Crawled caption data:
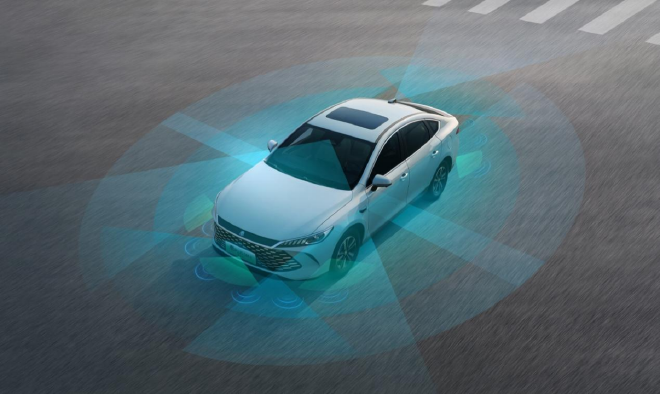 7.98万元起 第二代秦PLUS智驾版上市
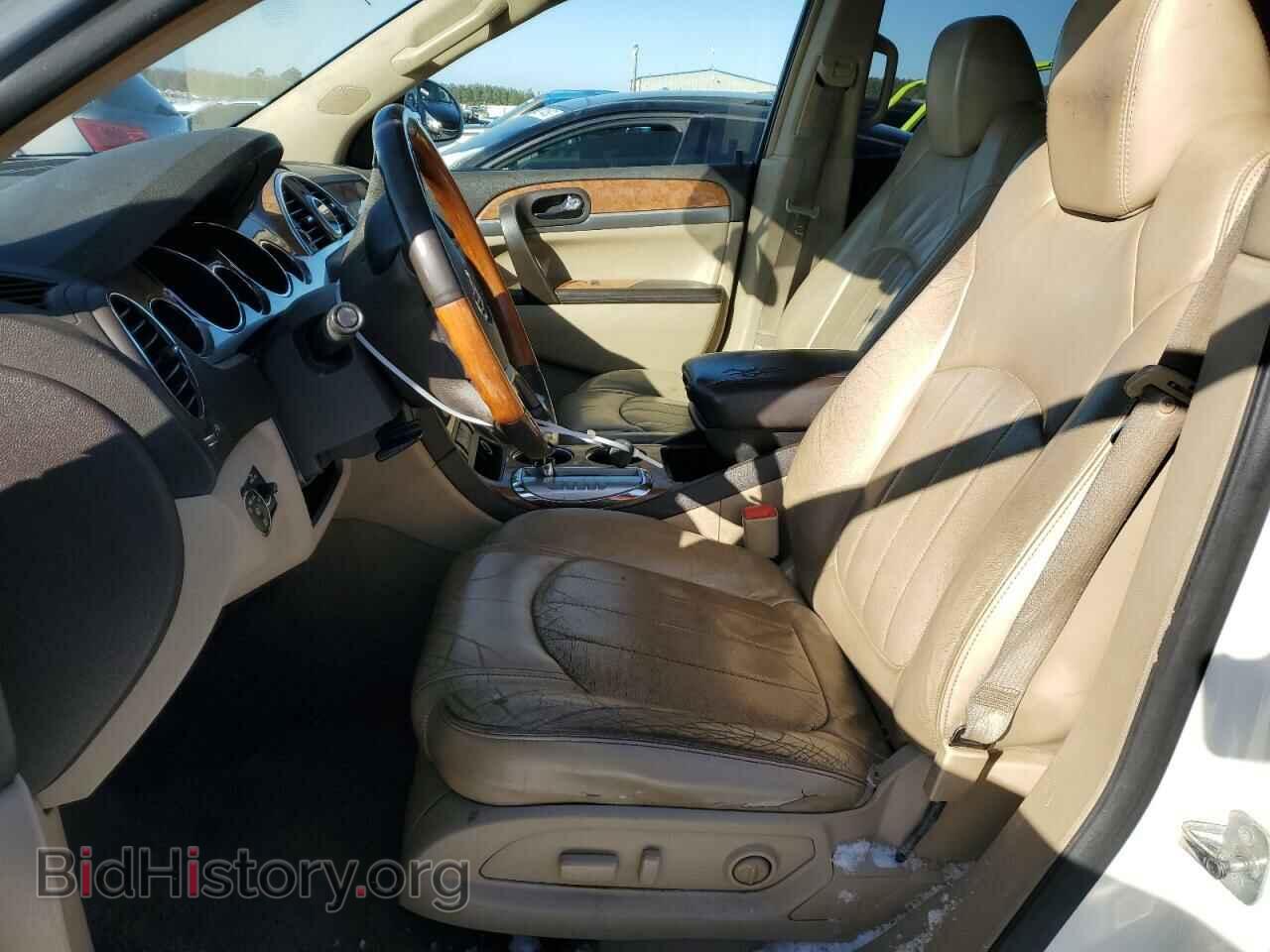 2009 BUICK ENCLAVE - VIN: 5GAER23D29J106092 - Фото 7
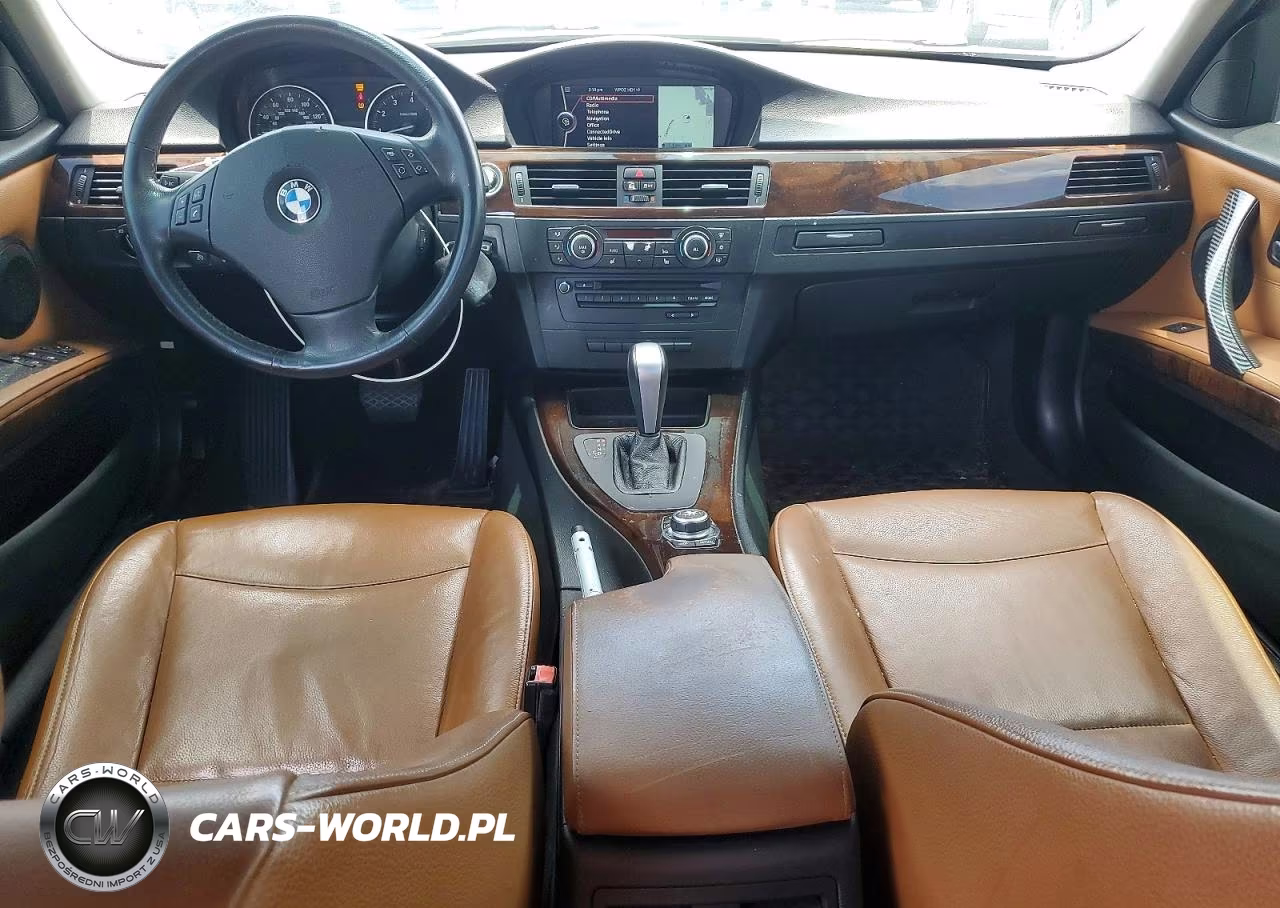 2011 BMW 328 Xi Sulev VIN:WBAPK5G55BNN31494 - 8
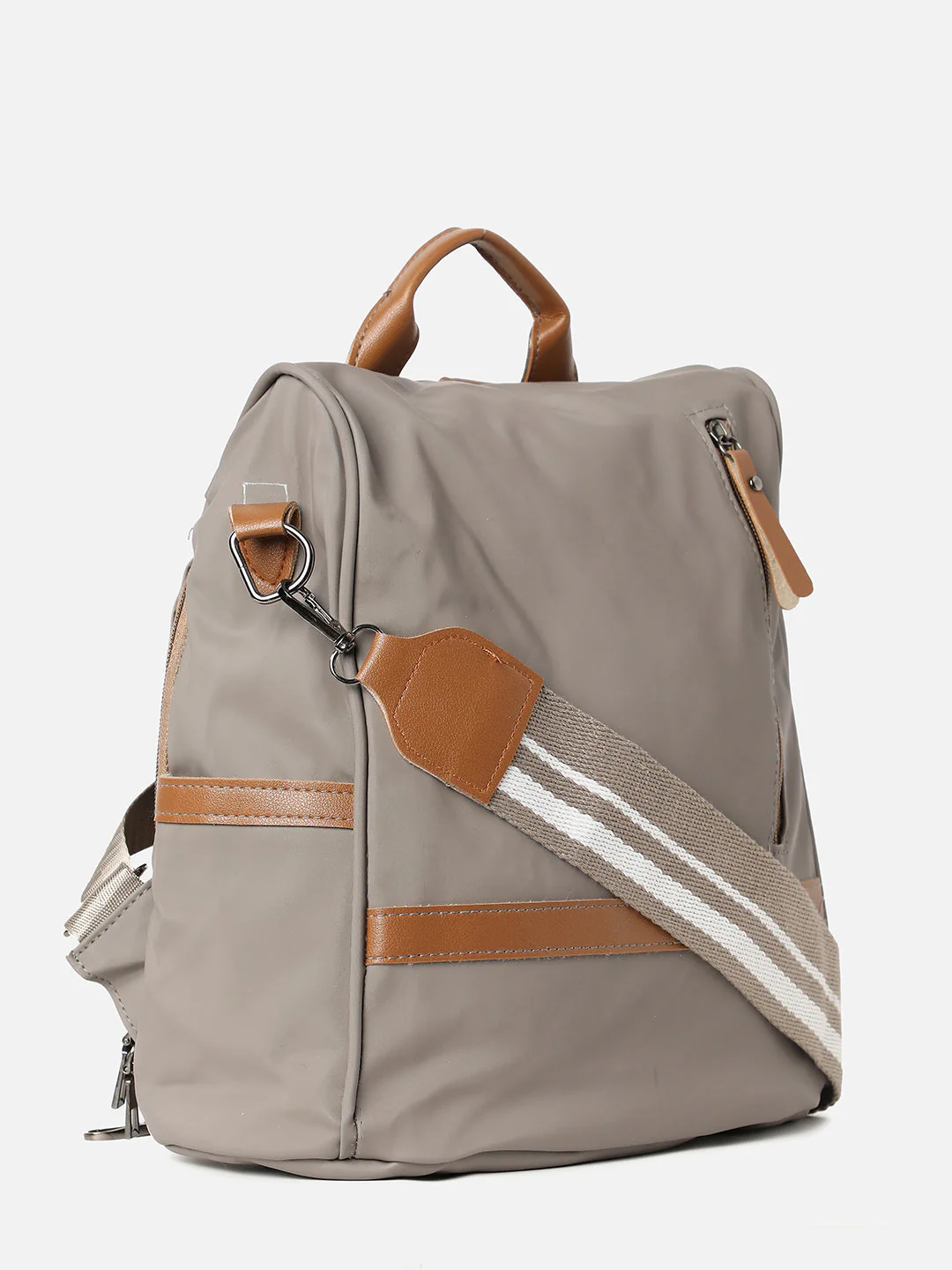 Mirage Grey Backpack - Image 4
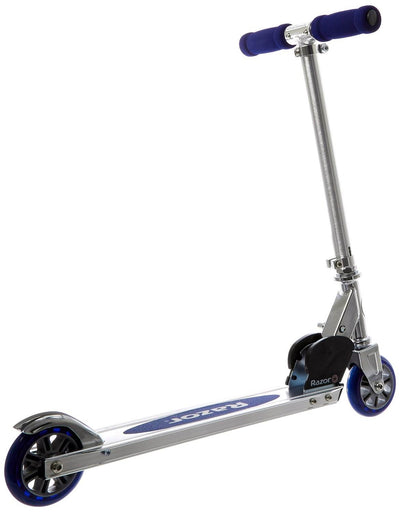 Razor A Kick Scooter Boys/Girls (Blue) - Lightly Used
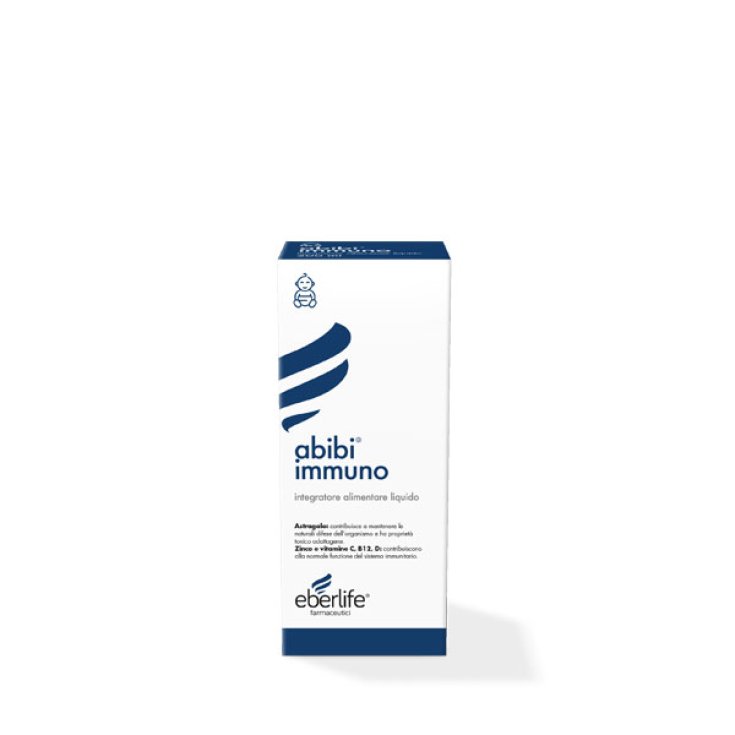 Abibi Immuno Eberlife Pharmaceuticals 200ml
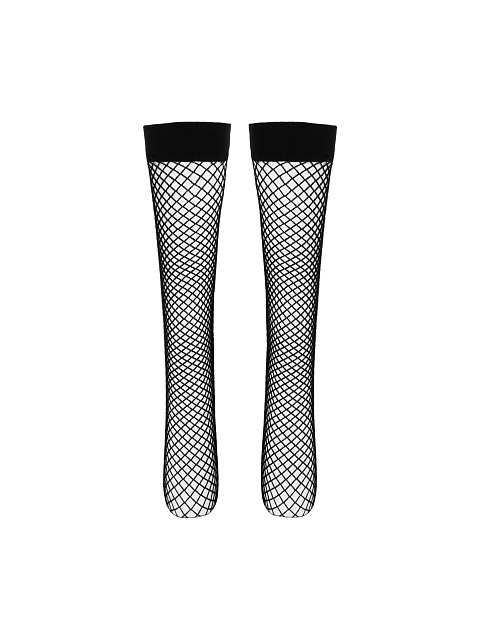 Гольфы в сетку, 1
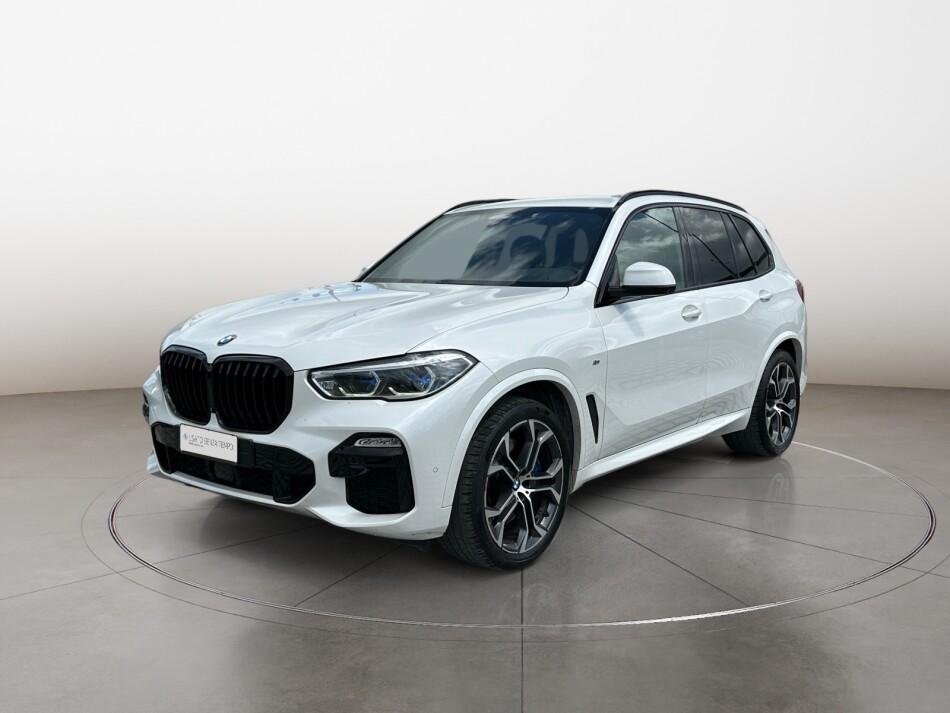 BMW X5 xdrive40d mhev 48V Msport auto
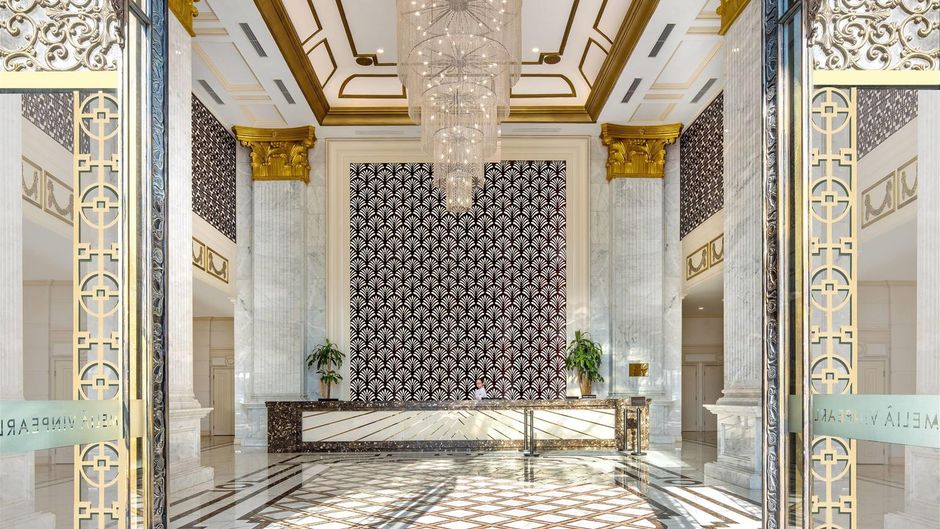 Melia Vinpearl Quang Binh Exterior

● Task details:
Output, exactly and without pictures, the span of lines that starts at the line containing "Mirage Grey Backpack - Image 4" and ends at the last line above.

● Answer space:
 Mirage Grey Backpack - Image 4
 Razor A Kick Scooter Boys/Girls (Blue) - Lightly Used
 Abibi Immuno Eberlife Pharmaceuticals 200ml
 Гольфы в сетку, 1
 BMW X5 xdrive40d mhev 48V Msport auto
 Melia Vinpearl Quang Binh Exterior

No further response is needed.